• **Assignment**
Return the lines below exactly, please, from the one containing "ACA LIGHTING OKN5013W2BK MAISON BLACK 9W 3000K ACA" through the last one, both included, and leave out any pictures.

• **Information given**
______

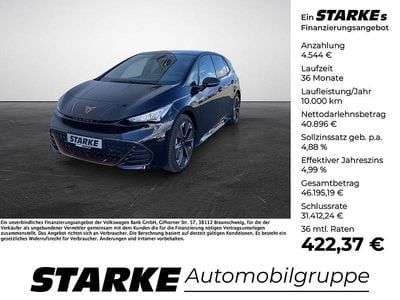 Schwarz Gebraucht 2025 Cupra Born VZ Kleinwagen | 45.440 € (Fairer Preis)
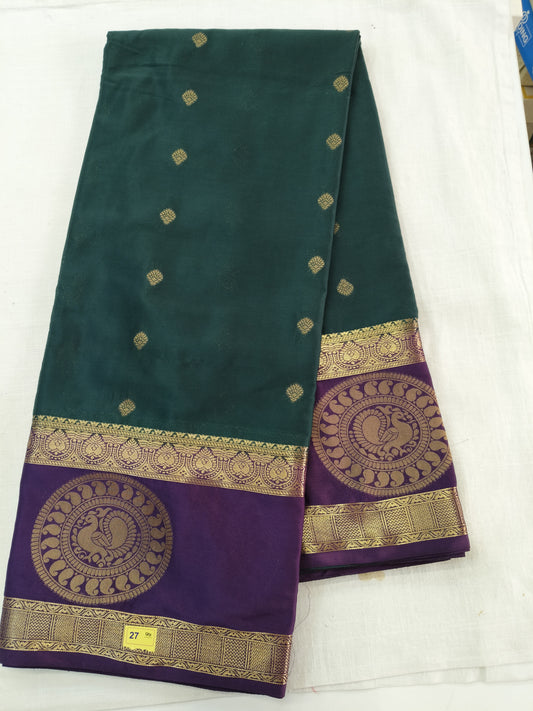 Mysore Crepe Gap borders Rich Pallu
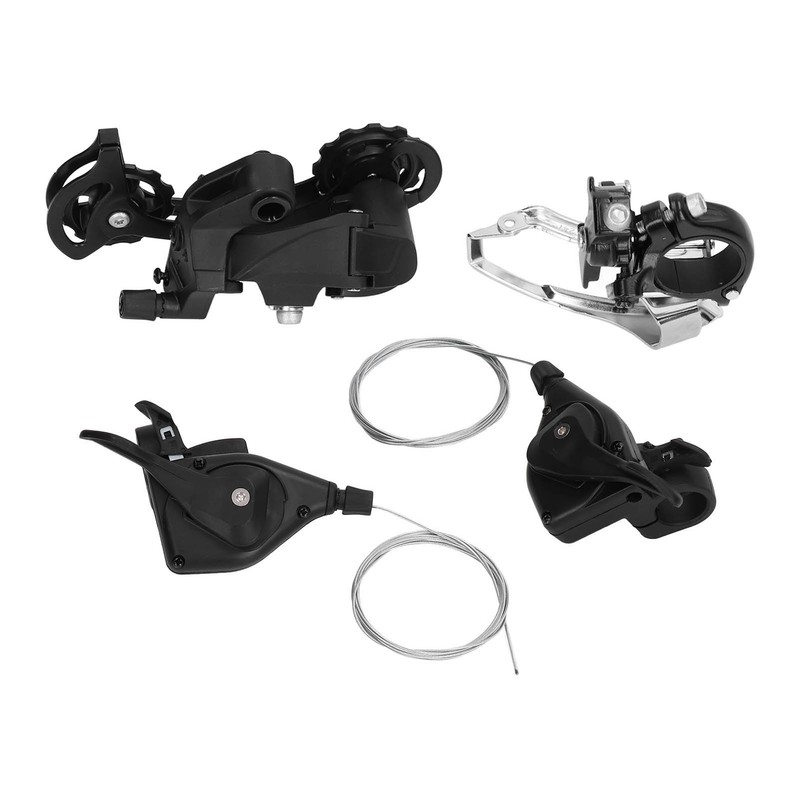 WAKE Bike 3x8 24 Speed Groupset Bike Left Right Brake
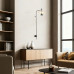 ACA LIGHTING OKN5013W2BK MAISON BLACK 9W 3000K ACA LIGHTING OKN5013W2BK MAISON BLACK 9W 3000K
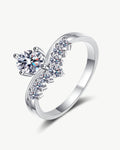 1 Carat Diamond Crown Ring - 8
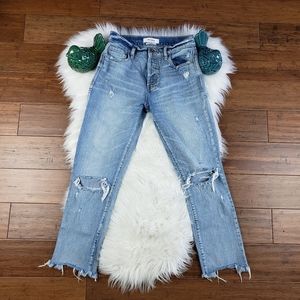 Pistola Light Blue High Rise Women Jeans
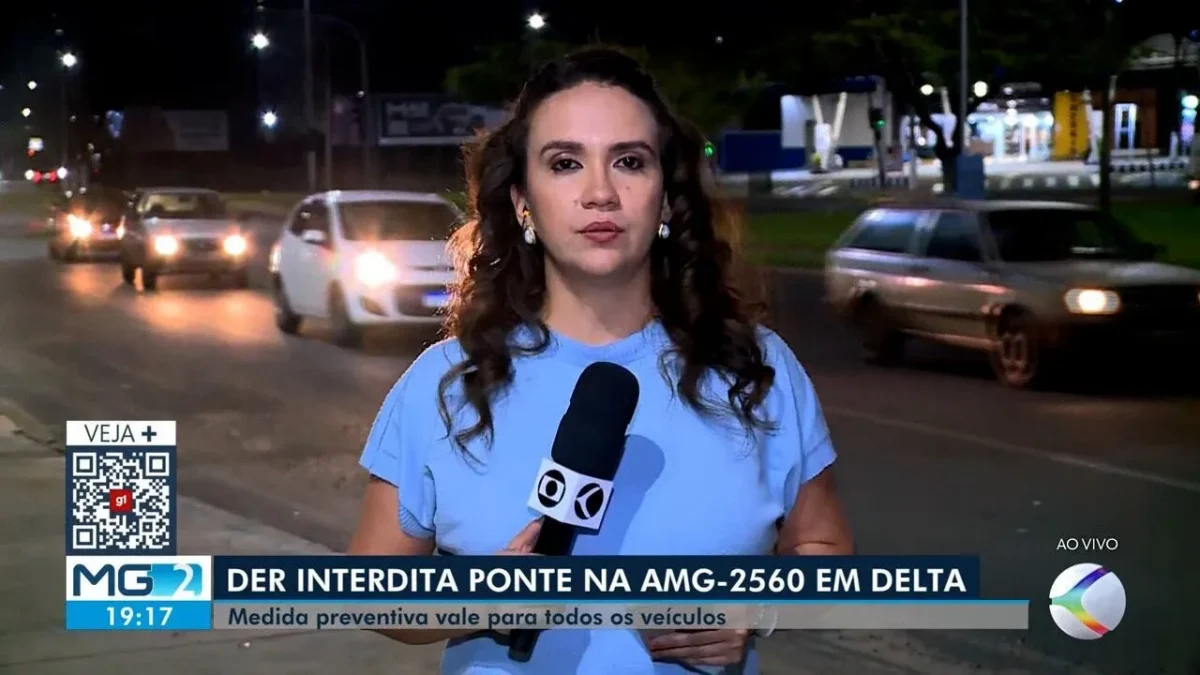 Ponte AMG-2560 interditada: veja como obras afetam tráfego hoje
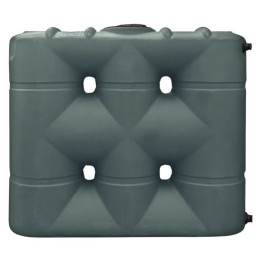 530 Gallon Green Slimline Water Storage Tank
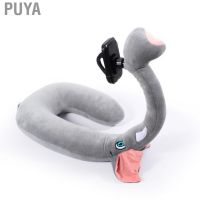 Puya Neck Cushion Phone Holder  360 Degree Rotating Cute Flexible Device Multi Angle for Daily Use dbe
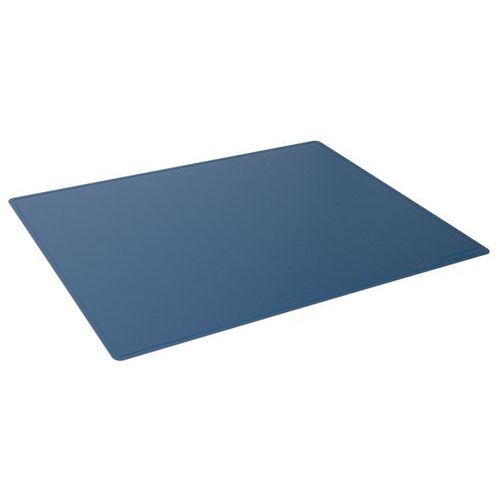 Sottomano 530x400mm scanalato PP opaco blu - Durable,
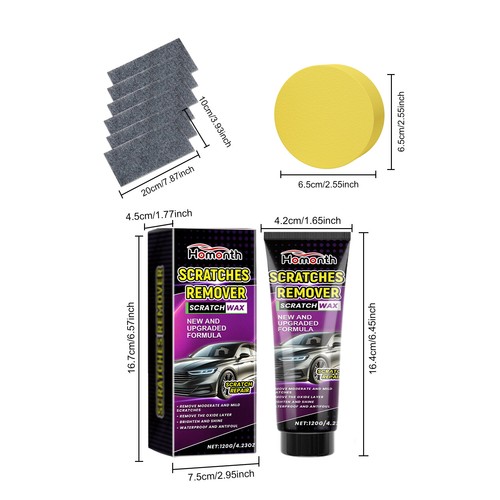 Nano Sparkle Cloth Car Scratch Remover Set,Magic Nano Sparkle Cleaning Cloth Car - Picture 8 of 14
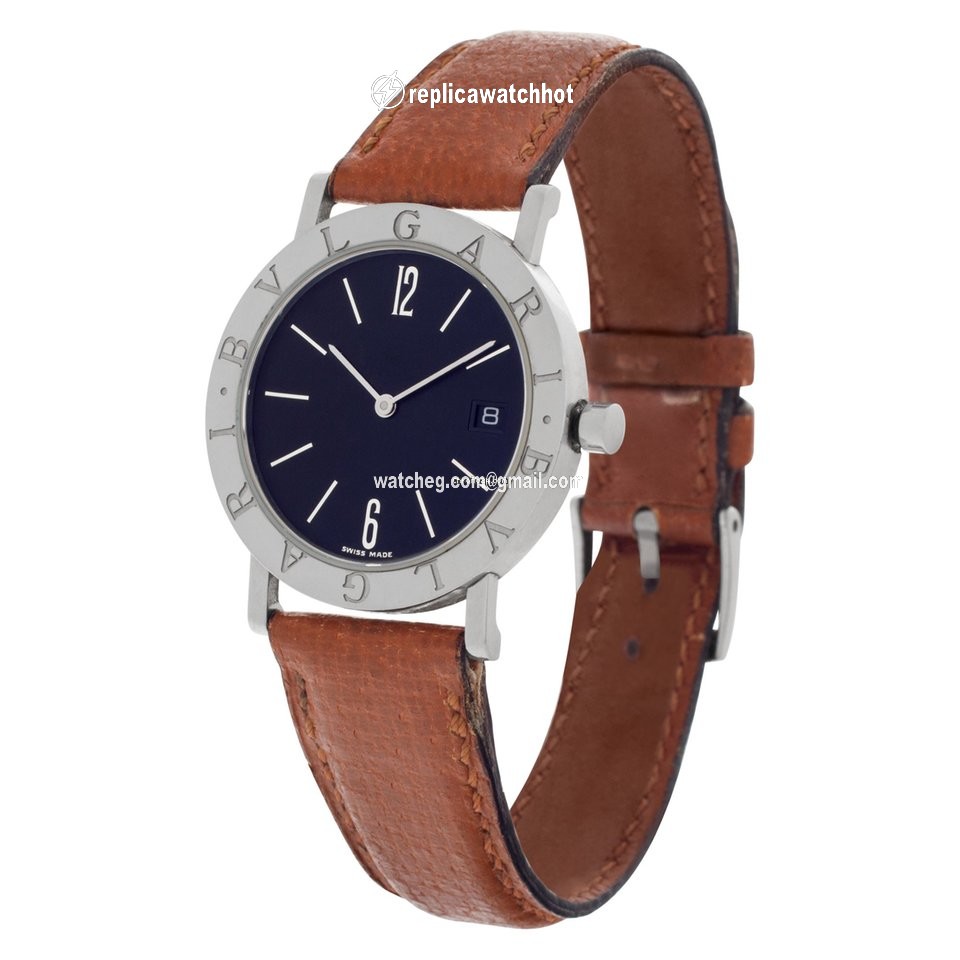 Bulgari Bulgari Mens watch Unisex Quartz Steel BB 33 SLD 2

______

• **Response box**
 ACA LIGHTING OKN5013W2BK MAISON BLACK 9W 3000K ACA LIGHTING OKN5013W2BK MAISON BLACK 9W 3000K
 1 Carat Diamond Crown Ring - 8
 Pistola Light Blue High Rise Women Jeans
 Ponte AMG-2560 interditada: veja como obras afetam tráfego hoje
 530 Gallon Green Slimline Water Storage Tank
 Puya Neck Cushion Phone Holder  360 Degree Rotating Cute Flexible Device Multi Angle for Daily Use dbe
 Sottomano 530x400mm scanalato PP opaco blu - Durable,
 Nano Sparkle Cloth Car Scratch Remover Set,Magic Nano Sparkle Cleaning Cloth Car - Picture 8 of 14
 Bulgari Bulgari Mens watch Unisex Quartz Steel BB 33 SLD 2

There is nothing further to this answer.